[Python-Dev] Fuzzing the Python standard library
I have been fuzzing various parts of Python standard library for Python 3.7 with python-afl to find out internal implementation issues that exist in the library. What I have been looking for are mainly following:
* Exceptions that are something else than the documented ones. These usually indicate an internal implementation issue. For example one would not expect an UnicodeDecodeError from netrc.netrc() function when the documentation promises netrc.NetrcParseError and there is no way to pass properly sanitized file object to the netrc.netrc().
* Differences between values returned by C and Python versions of some functions. quopri module may have these.
* Unexpected performance and memory allocation issues. These can be somewhat controversial to fix, if at all, but at least in some cases from end-user perspective it can be really nasty if for example fractions.Fraction("1.64E6646466664") results in hundreds of megabytes of memory allocated and takes very long to calculate. I gave up waiting for that function call to finish after 5 minutes.

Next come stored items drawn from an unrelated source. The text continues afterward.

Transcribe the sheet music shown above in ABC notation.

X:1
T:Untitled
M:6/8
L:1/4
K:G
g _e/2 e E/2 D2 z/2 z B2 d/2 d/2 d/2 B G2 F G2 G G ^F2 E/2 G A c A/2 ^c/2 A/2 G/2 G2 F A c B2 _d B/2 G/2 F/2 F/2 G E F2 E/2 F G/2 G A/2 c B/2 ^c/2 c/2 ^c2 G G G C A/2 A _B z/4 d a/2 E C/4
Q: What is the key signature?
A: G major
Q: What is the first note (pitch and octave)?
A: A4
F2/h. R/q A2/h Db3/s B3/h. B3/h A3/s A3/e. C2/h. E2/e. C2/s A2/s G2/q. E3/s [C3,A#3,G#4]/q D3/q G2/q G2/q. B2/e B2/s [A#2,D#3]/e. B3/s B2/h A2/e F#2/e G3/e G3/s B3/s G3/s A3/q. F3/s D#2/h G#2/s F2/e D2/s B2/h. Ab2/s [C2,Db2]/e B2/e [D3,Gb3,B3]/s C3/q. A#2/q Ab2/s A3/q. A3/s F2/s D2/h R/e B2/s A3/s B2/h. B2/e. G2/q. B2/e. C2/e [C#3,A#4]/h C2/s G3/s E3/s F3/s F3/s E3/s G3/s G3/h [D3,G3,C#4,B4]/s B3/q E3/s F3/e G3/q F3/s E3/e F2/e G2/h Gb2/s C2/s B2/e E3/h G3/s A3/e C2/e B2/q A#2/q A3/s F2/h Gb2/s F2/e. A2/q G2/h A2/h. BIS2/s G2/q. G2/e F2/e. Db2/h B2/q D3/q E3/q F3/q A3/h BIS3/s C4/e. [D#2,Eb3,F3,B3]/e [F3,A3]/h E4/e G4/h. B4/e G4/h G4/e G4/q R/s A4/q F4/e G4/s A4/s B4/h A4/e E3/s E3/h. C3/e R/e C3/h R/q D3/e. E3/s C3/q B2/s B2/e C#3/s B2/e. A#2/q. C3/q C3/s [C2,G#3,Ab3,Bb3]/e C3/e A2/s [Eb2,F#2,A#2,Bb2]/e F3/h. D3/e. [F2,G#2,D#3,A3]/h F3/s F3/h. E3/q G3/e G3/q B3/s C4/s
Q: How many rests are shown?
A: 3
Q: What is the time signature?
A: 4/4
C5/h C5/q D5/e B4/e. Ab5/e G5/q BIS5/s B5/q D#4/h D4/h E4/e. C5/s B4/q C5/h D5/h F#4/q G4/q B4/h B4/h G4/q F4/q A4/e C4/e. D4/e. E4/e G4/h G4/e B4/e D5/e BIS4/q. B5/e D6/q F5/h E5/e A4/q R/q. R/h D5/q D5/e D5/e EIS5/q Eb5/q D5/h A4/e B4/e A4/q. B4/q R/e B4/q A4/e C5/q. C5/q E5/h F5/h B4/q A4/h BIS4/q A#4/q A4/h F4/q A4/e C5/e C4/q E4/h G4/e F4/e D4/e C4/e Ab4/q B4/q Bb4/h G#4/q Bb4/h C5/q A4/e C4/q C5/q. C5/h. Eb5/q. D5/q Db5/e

As this is going to result in a decent amount of bug reports (currently I only filed one, although that audio processing area has much more issues to file), I would like to ask your opinion on filing these bug reports. Should I report all issues regarding some specific module in one bug report, or try to further split them into more fine grained reports that may be related? These different types of errors are specifically noticeable in zipfile module that includes a lot of different exception and behavioral types on invalid data <https://github.com/Barro/python-stdlib-fuzzers/tree/master/zipfile/crashes> . And in case of sndhdr module, there are multiple modules with issues (aifc, sunau, wave) that then show up also in sndhdr when they are used. Or are some of you willing to go through the crashes that pop up and help with the report filing?
The code and more verbose description for this is available from <https://github.com/Barro/python-stdlib-fuzzers>. It works by default on some GNU/Linux systems only (I use Debian testing), as it relies on /dev/shm/ being available and uses shell scripts as wrappers that rely on various tools that may not be installed on all systems by default.
As a bonus, as this uses coverage based fuzzing, it also opens up the possibility of automatically creating a regression test suite for each of the fuzzed modules to ensure that the existing functionality (input files under <fuzz-target>/corpus/ directory) does not suddenly result in additional exceptions and that it is more easy to test potential bug fixes (crash inducing files under <fuzz-target>/crashes/ directory).
As a downside, this uses two quite specific tools (afl, python-afl) that have further dependencies (Cython) inside them, I doubt the viability of integrating this type of testing as part of normal Python verification process. As a difference to libFuzzer based fuzzing that is already integrated in Python, this instruments the actual (and only the) Python code and not the actions that the interpreter does in the background. So this should result in better fuzzer coverage for Python code that is used with the downside that when C functions are called, they are complete black boxes to the fuzzer.
I have mainly run these fuzzer instances at most for several hours per module with 4 instances and stopped running no-issue modules after there have been no new coverage discovered after more than 10 minutes. Also I have not really created high quality initial input files, so I wouldn't be surprised if there are more issues lurking around that could be found with throwing more CPU and higher quality fuzzers at the problem.